Items listed in a dataset
####################
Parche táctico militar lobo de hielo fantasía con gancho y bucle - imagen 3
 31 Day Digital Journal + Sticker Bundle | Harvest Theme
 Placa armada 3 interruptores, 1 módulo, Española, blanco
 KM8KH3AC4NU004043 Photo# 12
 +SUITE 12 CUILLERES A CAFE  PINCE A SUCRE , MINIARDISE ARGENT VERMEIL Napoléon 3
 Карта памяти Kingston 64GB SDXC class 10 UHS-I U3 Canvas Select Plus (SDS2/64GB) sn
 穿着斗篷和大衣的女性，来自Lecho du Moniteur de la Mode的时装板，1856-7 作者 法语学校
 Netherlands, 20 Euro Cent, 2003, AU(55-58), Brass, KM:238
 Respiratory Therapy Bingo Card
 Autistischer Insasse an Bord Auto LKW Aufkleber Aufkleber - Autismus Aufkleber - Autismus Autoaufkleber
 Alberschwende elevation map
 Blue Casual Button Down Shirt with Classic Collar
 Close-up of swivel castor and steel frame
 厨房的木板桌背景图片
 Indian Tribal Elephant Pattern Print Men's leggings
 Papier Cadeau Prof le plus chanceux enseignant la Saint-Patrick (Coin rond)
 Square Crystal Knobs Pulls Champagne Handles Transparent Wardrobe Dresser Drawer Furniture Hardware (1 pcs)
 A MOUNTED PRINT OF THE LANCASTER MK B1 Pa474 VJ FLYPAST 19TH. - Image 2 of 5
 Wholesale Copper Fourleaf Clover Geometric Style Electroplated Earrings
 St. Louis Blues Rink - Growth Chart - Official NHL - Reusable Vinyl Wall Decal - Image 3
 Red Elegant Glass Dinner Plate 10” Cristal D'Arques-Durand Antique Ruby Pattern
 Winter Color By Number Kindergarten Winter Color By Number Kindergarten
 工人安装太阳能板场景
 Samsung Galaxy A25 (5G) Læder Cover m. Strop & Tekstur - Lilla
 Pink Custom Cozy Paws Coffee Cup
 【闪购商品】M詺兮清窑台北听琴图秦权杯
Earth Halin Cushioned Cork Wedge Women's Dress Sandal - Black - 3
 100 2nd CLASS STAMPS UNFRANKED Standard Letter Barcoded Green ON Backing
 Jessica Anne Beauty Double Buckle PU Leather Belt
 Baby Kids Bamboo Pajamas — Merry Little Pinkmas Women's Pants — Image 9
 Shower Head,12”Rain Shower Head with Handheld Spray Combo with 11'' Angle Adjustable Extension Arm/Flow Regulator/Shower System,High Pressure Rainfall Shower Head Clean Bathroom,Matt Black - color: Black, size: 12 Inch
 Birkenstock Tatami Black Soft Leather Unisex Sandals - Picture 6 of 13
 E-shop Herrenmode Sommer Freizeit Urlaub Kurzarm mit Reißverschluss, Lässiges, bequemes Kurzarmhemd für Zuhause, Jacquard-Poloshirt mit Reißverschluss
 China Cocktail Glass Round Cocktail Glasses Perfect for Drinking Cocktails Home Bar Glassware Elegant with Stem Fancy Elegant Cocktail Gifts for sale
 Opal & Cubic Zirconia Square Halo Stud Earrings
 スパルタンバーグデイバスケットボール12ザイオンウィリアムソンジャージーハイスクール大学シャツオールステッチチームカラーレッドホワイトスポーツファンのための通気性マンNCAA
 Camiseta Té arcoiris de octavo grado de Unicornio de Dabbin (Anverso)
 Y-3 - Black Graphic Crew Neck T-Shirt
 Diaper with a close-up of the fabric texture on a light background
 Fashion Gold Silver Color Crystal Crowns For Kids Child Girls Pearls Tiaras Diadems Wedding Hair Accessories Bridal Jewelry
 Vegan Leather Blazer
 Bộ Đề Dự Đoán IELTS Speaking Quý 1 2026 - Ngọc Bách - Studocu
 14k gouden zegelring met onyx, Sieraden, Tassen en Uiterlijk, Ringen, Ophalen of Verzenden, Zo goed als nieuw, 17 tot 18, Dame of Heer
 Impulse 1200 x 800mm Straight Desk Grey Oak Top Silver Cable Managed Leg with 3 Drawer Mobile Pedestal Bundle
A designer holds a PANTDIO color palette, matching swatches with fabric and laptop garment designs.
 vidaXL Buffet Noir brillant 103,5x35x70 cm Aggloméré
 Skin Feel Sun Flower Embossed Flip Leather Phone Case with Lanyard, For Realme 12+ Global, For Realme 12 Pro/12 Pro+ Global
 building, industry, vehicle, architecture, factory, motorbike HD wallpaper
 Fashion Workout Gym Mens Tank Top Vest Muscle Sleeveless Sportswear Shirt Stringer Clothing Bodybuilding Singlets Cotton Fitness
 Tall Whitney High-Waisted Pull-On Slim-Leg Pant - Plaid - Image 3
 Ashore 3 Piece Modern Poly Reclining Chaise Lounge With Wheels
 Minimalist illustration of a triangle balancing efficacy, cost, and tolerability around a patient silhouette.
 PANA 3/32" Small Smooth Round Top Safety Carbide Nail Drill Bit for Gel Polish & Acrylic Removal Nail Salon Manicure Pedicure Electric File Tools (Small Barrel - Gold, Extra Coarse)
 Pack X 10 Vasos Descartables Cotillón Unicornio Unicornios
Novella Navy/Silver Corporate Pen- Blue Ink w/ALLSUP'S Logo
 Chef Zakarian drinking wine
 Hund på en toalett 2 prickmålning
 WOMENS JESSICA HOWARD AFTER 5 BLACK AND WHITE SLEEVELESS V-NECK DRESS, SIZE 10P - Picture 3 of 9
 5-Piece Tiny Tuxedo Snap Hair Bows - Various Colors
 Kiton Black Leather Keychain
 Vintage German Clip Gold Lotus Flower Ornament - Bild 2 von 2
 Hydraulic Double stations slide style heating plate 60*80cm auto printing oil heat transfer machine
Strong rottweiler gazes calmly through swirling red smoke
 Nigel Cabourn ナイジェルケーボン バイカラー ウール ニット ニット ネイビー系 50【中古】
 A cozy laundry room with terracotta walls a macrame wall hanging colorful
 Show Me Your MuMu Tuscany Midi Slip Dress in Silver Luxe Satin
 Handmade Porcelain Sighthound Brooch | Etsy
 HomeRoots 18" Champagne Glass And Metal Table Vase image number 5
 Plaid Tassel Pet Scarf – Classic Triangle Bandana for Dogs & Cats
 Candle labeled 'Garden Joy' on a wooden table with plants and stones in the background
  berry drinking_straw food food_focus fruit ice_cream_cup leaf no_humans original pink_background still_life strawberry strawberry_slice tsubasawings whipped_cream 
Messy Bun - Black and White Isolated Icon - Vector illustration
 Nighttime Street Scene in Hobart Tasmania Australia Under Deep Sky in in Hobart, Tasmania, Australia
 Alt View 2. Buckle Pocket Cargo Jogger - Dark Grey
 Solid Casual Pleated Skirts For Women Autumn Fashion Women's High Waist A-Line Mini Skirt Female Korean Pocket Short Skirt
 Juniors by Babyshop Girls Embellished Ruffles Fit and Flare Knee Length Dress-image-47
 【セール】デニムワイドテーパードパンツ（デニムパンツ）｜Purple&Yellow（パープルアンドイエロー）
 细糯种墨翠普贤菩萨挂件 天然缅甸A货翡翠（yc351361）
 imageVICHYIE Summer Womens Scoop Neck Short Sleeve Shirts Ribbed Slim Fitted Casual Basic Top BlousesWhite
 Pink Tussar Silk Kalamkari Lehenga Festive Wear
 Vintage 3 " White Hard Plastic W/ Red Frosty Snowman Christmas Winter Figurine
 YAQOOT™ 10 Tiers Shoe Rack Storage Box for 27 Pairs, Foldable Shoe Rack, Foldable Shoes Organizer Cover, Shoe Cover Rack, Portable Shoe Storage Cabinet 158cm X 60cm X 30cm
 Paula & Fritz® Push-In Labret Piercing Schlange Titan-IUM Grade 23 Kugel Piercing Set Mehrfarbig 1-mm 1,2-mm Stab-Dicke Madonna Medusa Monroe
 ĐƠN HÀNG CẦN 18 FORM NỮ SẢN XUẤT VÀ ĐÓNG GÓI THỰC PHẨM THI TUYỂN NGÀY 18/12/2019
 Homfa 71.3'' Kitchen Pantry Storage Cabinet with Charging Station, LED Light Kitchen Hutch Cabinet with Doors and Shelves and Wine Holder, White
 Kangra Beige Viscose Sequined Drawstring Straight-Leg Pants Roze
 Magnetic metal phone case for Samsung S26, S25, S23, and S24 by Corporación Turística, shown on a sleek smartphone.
####################
Whatever lies between the line containing "Homfa 71.3'' Kitchen" and the final line above, both included, must be returned exactly.

**Exercise answer**
 Homfa 71.3'' Kitchen Pantry Storage Cabinet with Charging Station, LED Light Kitchen Hutch Cabinet with Doors and Shelves and Wine Holder, White
 Kangra Beige Viscose Sequined Drawstring Straight-Leg Pants Roze
 Magnetic metal phone case for Samsung S26, S25, S23, and S24 by Corporación Turística, shown on a sleek smartphone.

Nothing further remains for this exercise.